Beginning with the line that holds "Hi, I'm Plannery" and ending with the last line below, repeat each line exactly, leaving any pictures out.

Dataset section:
=-=-=-=-=
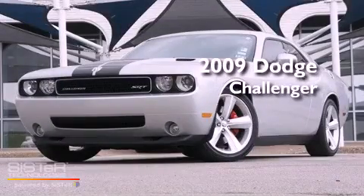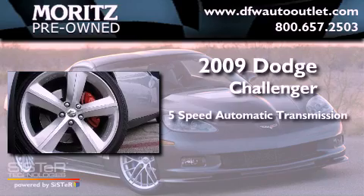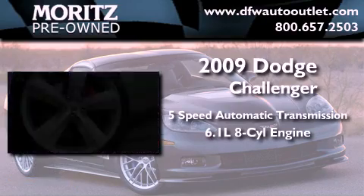This is a 2009 Dodge Challenger. This vehicle has seating for five adults and a 6.1-liter V8.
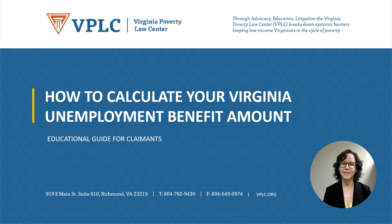Hi, I'm Plannery O'Rourke, an attorney at Virginia Poverty Law Center. Today I'm going to explain how to calculate your Virginia unemployment benefit amount. Keep in mind that there are lots of requirements for entitlement to unemployment benefits, so this presentation will help you identify what benefits you may be entitled to. This presentation is only for educational purposes and it's not legal advice.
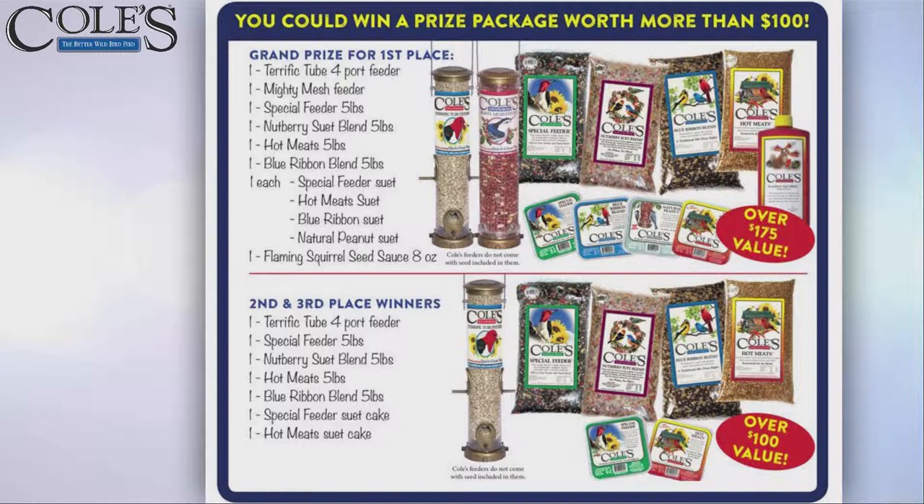There are second and third prizes too — more of the good stuff, just not quite as much of it. You've got a chance of winning things that would keep you in bird seed and bird food for a long time. These are great values, and having your picture in the calendar is really the most exciting part.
=-=-=-=-=
Problem solution:
Hi, I'm Plannery O'Rourke, an attorney at Virginia Poverty Law Center. Today I'm going to explain how to calculate your Virginia unemployment benefit amount. Keep in mind that there are lots of requirements for entitlement to unemployment benefits, so this presentation will help you identify what benefits you may be entitled to. This presentation is only for educational purposes and it's not legal advice.
There are second and third prizes too — more of the good stuff, just not quite as much of it. You've got a chance of winning things that would keep you in bird seed and bird food for a long time. These are great values, and having your picture in the calendar is really the most exciting part.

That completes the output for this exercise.